Neither 100% cake nor 100% a bread ‘strawberry bread’ sits half way between the two. The smell of cooking strawberries and vanilla wafts through the kitchen and leaves you clambering at the oven door waiting for it to emerge. Based on a soda bread this is an easy to make method, the sweetness of the strawberries and the edge of the soda bread create a lovely balance.

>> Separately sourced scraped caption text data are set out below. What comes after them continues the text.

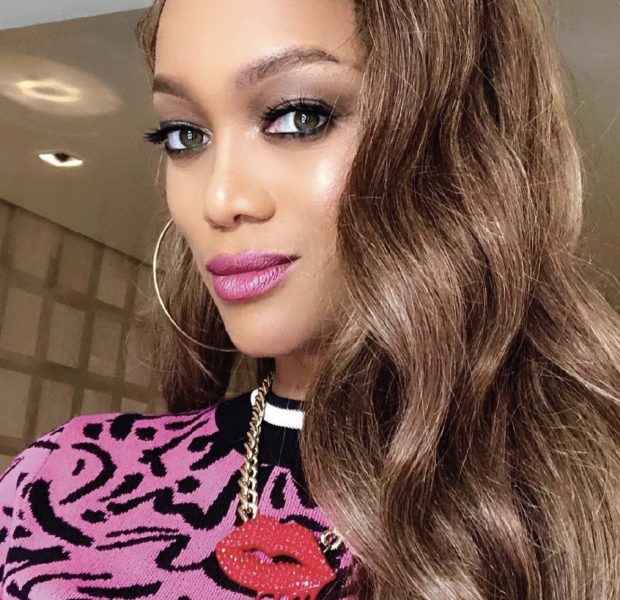 Tyra Banks Dedicates New Ice Cream Shop To Her Mom In Emotional Surprise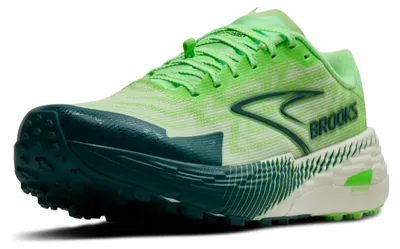 Produktbild von Brooks Catamount 4 Herren Trailrunning-Schuhe Grün Gr. 81/2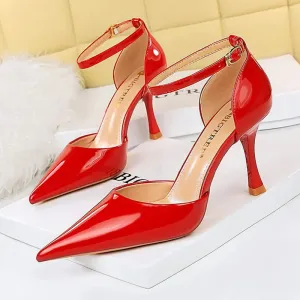 Shiny 'Til It Wasn't Pump Shoes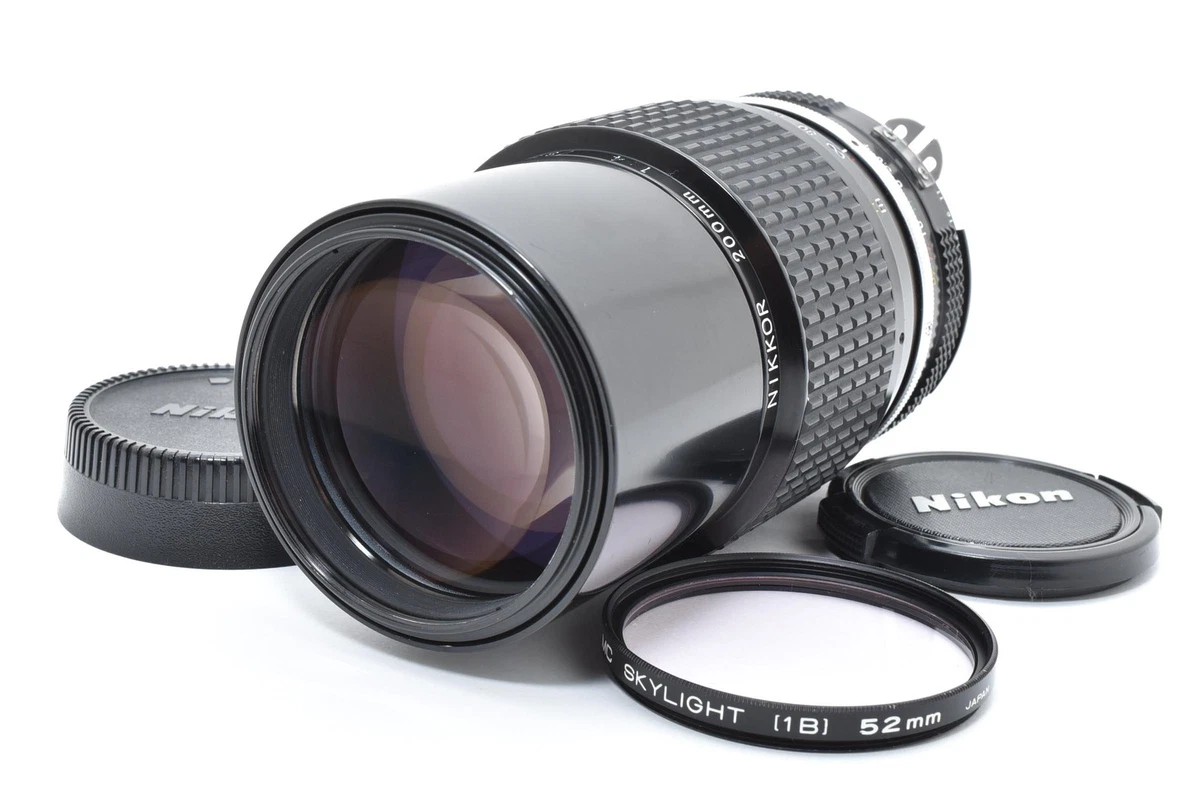 Nikon FM2 セット Ai 35ｍｍ F2 Ai-s 200mm f4 Nikon FM2 セット Ai 35mm F2 Ai-s 200mm f4 【公式通販】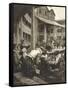 Henry IV, Masked Ladies in the "Pit" Watching a Performance of Shakespeare's Henry IV-null-Framed Stretched Canvas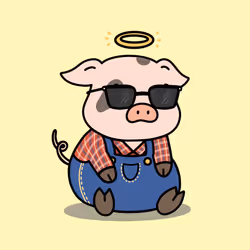 Piggie Palz #169 - Helia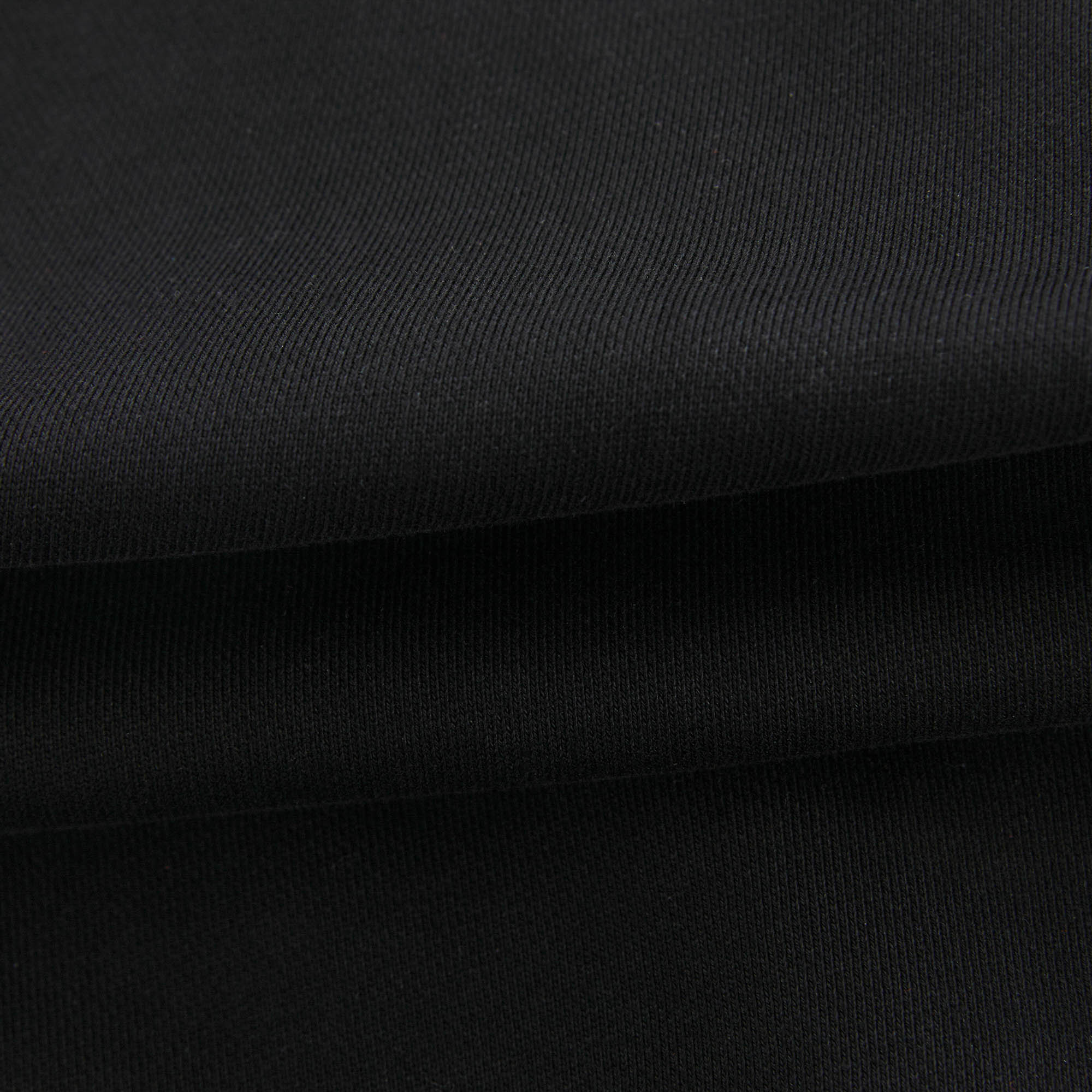 Girls Black Logo Cotton Trousers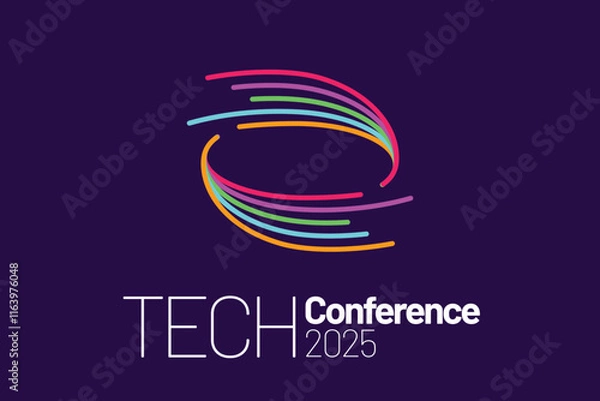 Obraz Logo Tech Conference 01-16
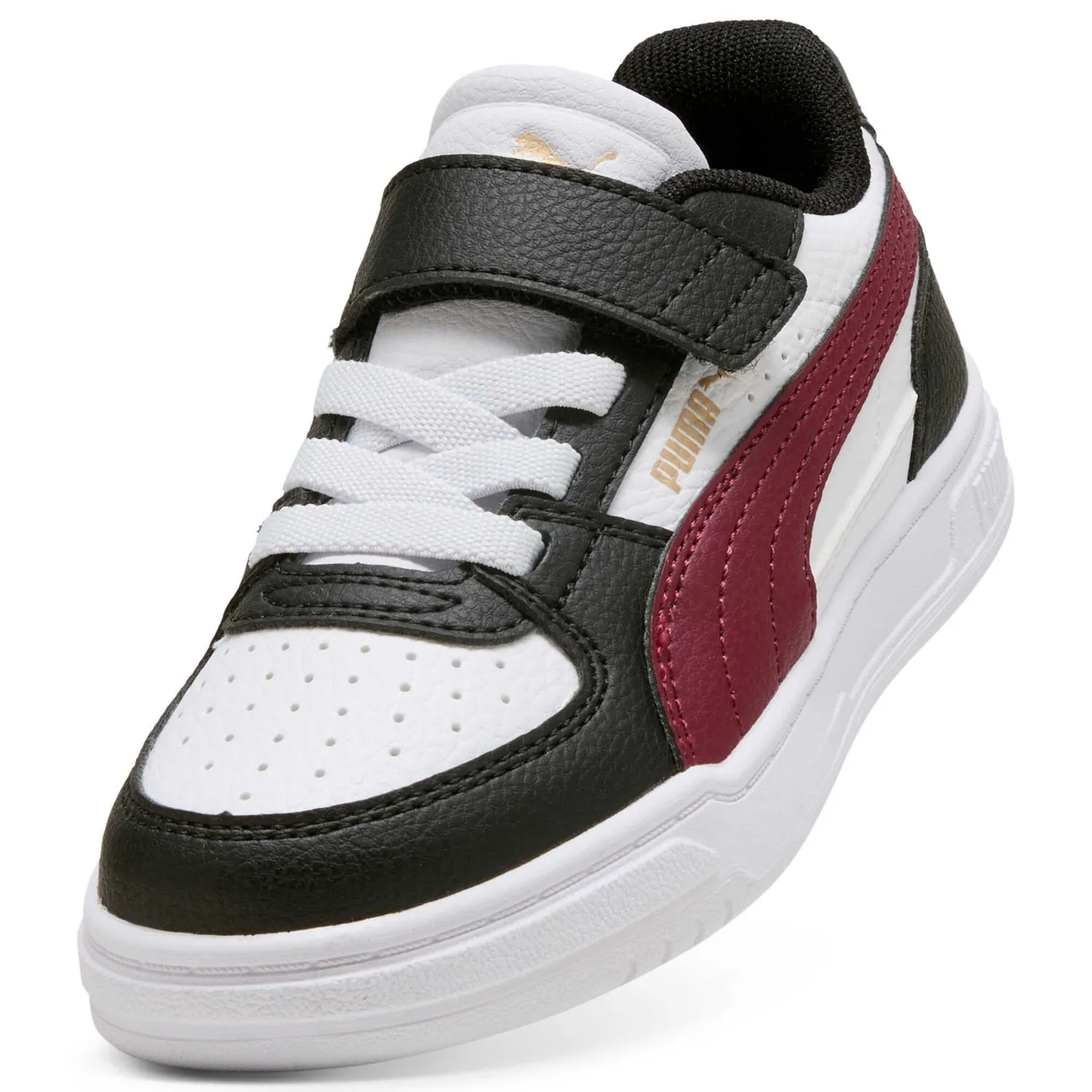 PUMA Caven III AC+ PS sneakers bambino EU 31 nero rosso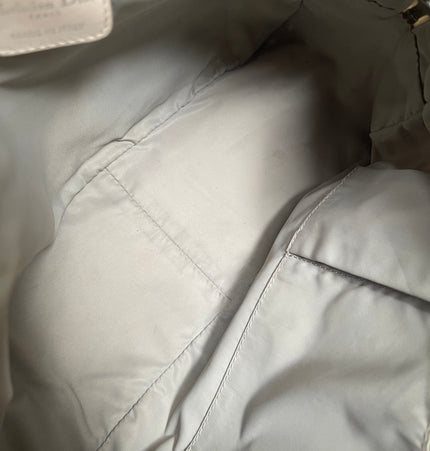 Dior cloth shoulder cloth bag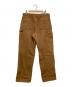CarHartt (カーハート) ダック地ペインターパンツ ブラウン サイズ:34×32：8000円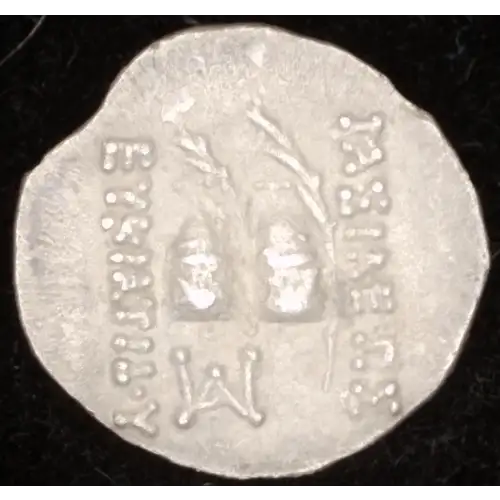 Eukratides I, AR Obol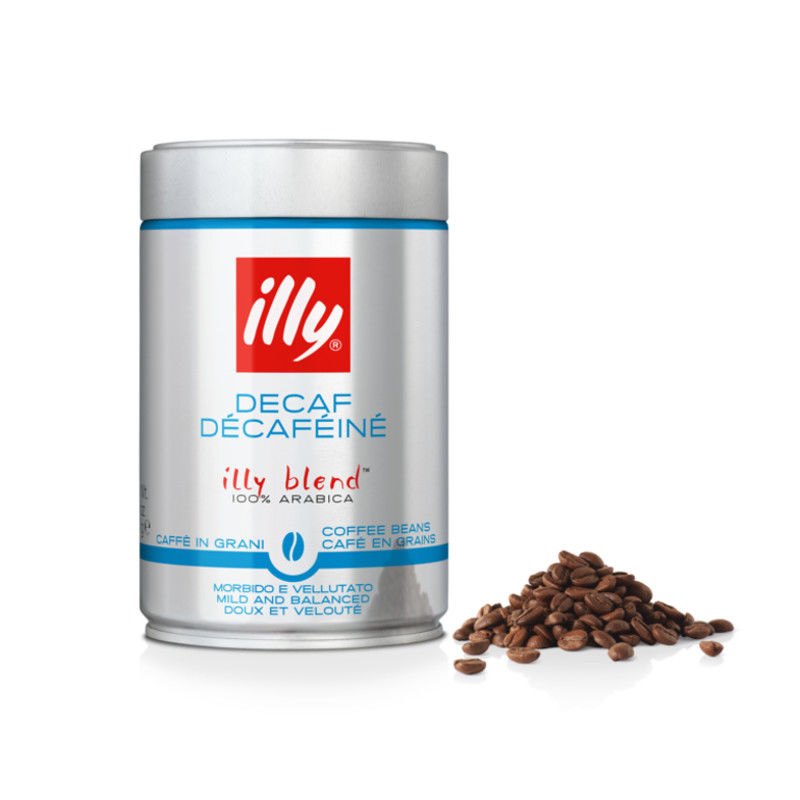 Illy Espresso Decaf 250g cafea boabe profesionala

The melon seeds add a needed crunch and most importantly oats keep you filled up for longer.
150g pure oats
150g gf doves farm flour
50g live yoghurt
25g isapghol seeds dehusked
75g peeled melon seeds
1 teaspoon of salt
1 teaspoon of bicarbonate of soda
1 teaspoon of vanilla extract
25g butter or margarine
4 tablespoons of milk
1 punnet of strawberries
Preheat the oven to 200 degrees.
First of all toast the peeled melon seeds in a heavy based frying pan until they begin to pop and are golden in colour.
Place all the ingredients with the exception of the strawberries and the milk, in a bowl and mix together. Then pour in the milk and leave to stand for a couple of minutes. The oats will soak up the milk quite quickly.
Then wash the strawberries, trimming their leaves, chop in halves (if small) or quarters (if large) then fold into the mix trying not to squash them but making sure to evenly distribute them.
Using a silicone baking sheet to cover a metal sheet pan and sprinkle with a little flour. Then place the toasted melon seeds on top of the flour. Place the mix on top of the melon seeds. You can lift the silicone baking sheet to help shape the bread and make it look tidy but it should be stiff enough to hold a position.
Bake for approximately 1 hour. It will be ready when the bread is golden, a crust has formed and the strawberries are oozing their juices.
Cool before serving with or without butter.